==== RAW DATA ====
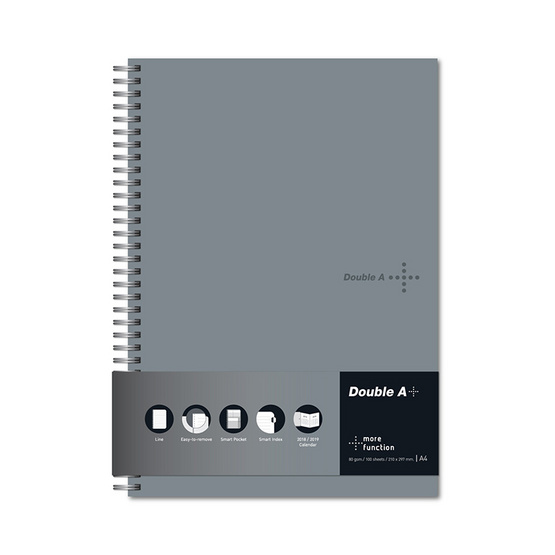 Double A Plus สมุดสันห่วงปกแข็ง A4 80 แกรม 80 แผ่น Double A Plus สมุดสันห่วงปกแข็ง A4 80 แกรม 80 แผ่น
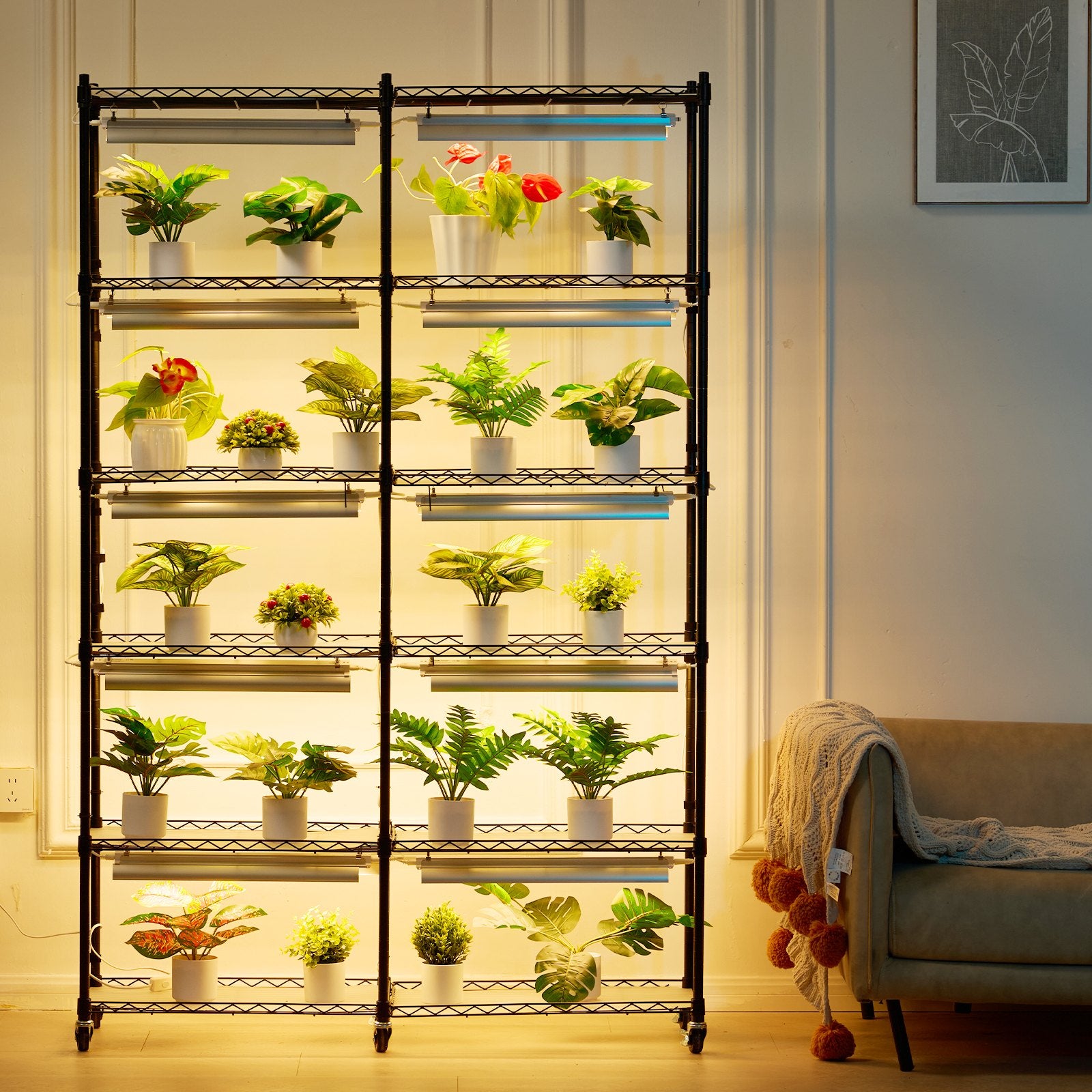 Pots, Planters & Accessories: VEVOR Plant Stand with Grow Light 6 Tiers 200W 59.1" Indoor Plant Grow Shelf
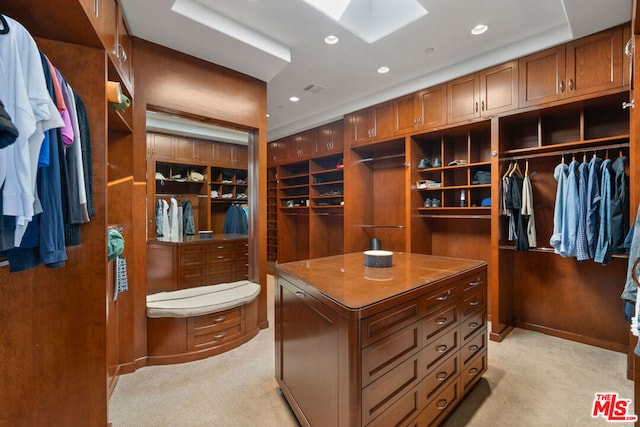 spacious closet featuring light colored carpet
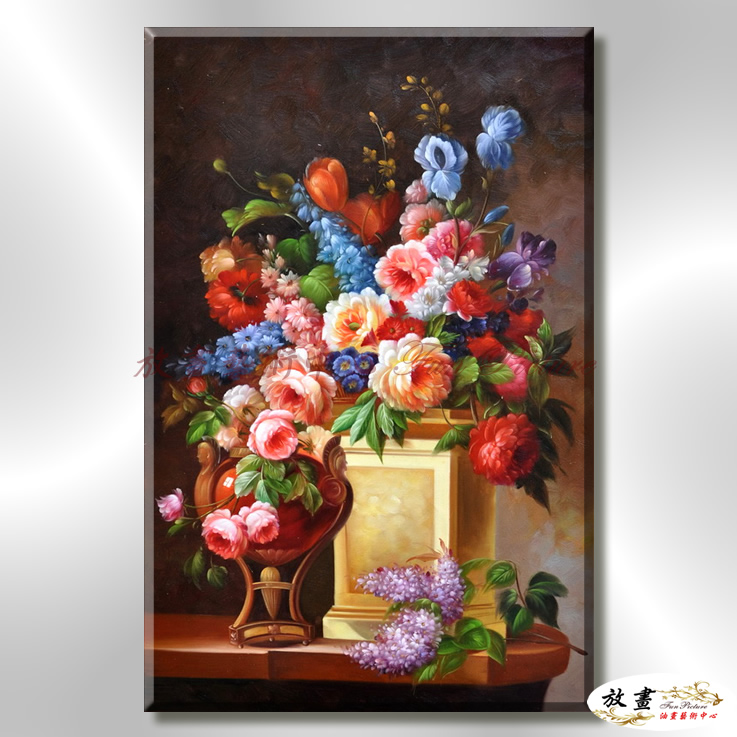 古典花卉80 純手繪 油畫 直幅 多彩 中性色系 寫實 掛畫 無框畫 民宿 室內設計 居家佈置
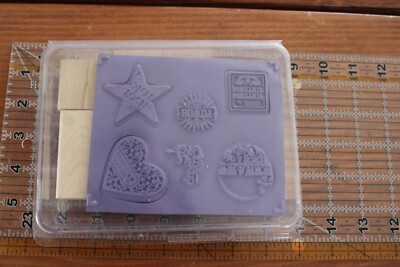 NEW Stampin Up A LITTLE SOMETHIN' Something THANKS A BUNCH Wood Stamp Set H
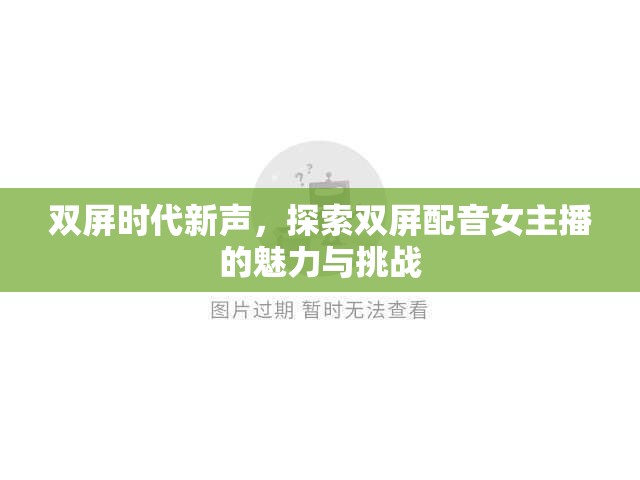 雙屏時代新聲，探索雙屏配音女主播的魅力與挑戰(zhàn)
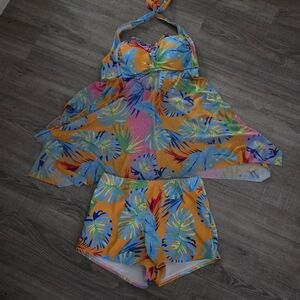 Tropical Halter Swim Dress with Matching Shorts - Bright Multi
====
Leaving out all pictures, print exactly the lines above from the one containing "Pots, Planters &" through the last line of the entries.

> _WRITTEN RESPONSE_:
 Pots, Planters & Accessories: VEVOR Plant Stand with Grow Light 6 Tiers 200W 59.1" Indoor Plant Grow Shelf
 spacious closet featuring light colored carpet
 古典花卉80 純手繪 油畫 直幅 多彩 中性色系 寫實 掛畫 無框畫 民宿 室內設計 居家佈置
 NEW Stampin Up A LITTLE SOMETHIN' Something THANKS A BUNCH Wood Stamp Set H
 雙屏時代新聲，探索雙屏配音女主播的魅力與挑戰(zhàn)
 Tropical Halter Swim Dress with Matching Shorts - Bright Multi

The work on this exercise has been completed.